Pricing unpredictability and egress charges are the main problems with Amazon’s S3 object storage, according to GigaOm. But there are plenty of competitive options, the tech analyst firm notes. (And we note that AWS could resolve these pricing issues any time it likes.)
“Hyperscalers (Microsoft Azure, Google Cloud, Alibaba) are direct Amazon AWS competitors and can offer a complete ecosystem,” said GigaOm analyst Enrico Signoretti, while “others focus more narrowly on object storage services and niche markets (Wasabi, BackBlaze, iLand), providing a better user experience and pricing for specific use cases.”
Vendors such as IBM, Oracle, DigitalOcean and Linode present some appealing add-ons and pricing models that can bring down costs and improve application efficiency. Zadara provides a private cloud that covers multiple clouds and the on-premises world.
Signoretti’s findings are published in the new GigaOm Radar for Alternatives to Amazon AWS S3. In the report, he places ten suppliers in a 4-circle, 4-axis, 4-quadrant Radar screen. The arrows project their anticipated direction in the next 12-18 months.
In the Leaders category the top three are Microsoft Azure, Wasabi and Zadara. IBM, Oracle, Google and Alibaba are challengers that may become leaders. The Challengers’ ring includes Backblaze, Linode, iLand. Digital Ocean, a New Entrant, is poised to become a Challenger.
We have gleaned from the report some bullet points on individual vendors, most of which offer S3-compatibility:
- Alibaba is noted as using nearline disk storage to provide good access speed.
- Backblaze is a serious player but is available only in US-West and EU-central regions.

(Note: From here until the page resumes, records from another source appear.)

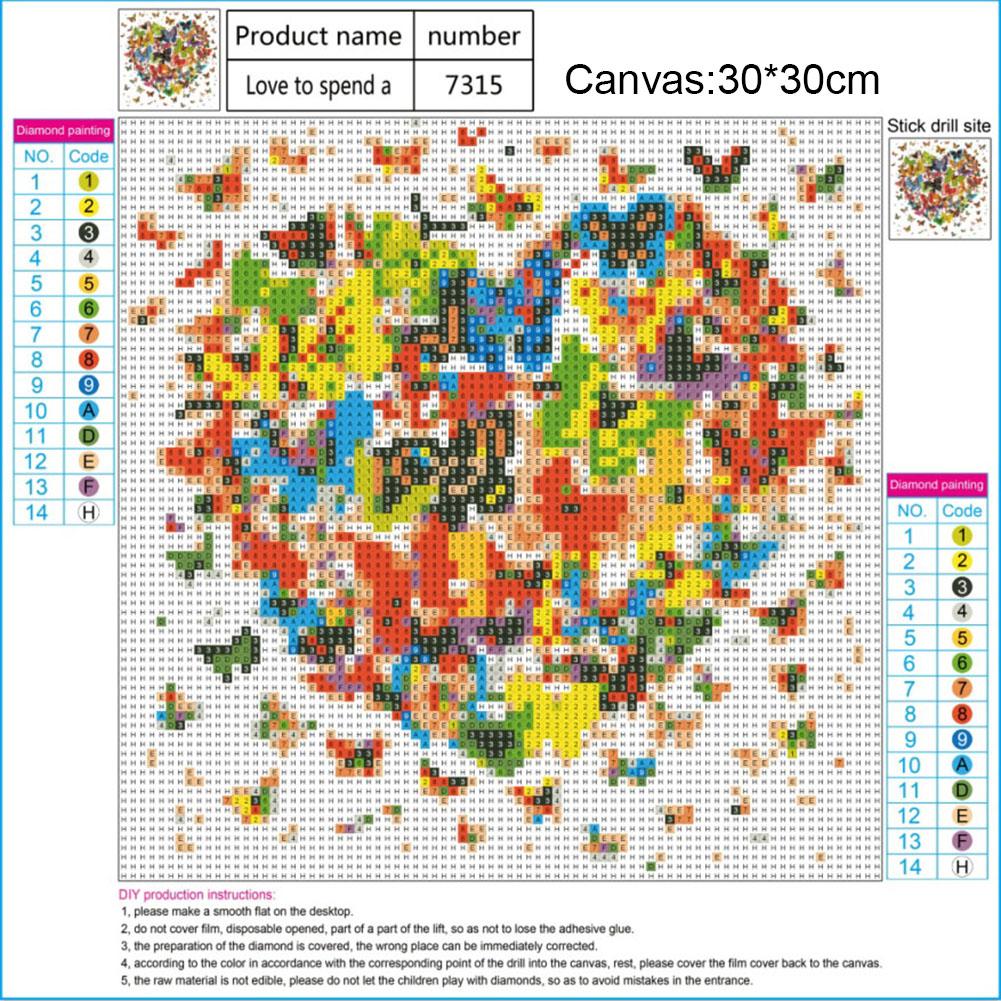 Butterfly Heart - Full Round Drill Diamond Painting 30*30CM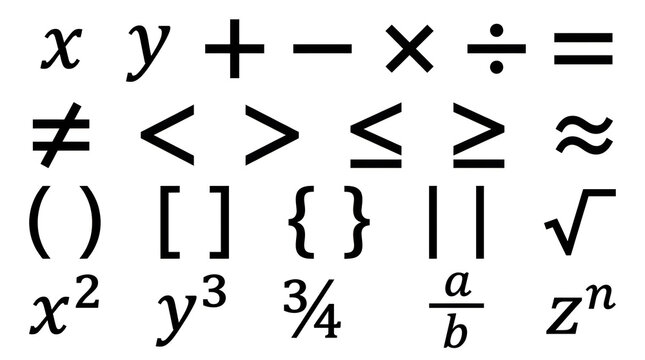 Set of basic mathematical symbols and algebra icons for education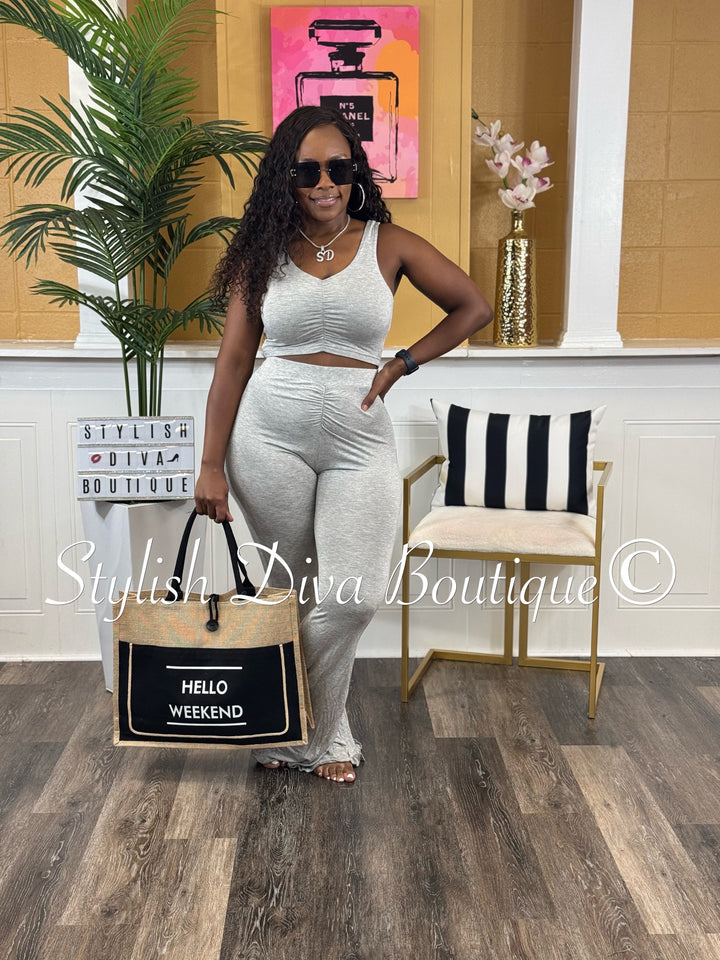 Julissa Cropped Lounge Set (Heather Grey)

- Digital Ocean uses Ceph, and bucket size might be a problem.
- Google Cloud is a solid option.
- IBM Cloud Object Storage has a differentiated SQL Query feature.
- Iland is focused on backup, archiving, cloud-tiering, and disaster recovery.
- Linode is a three-region supplier for SMBs.
- Azure is well-respected but not S3-compatible.
- Oracle is a compelling service for Oracle customers.
- Wasabi already has more than 18,000 customers.
- Zadara offers storage-as-a-service in 56 regions in 18 countries.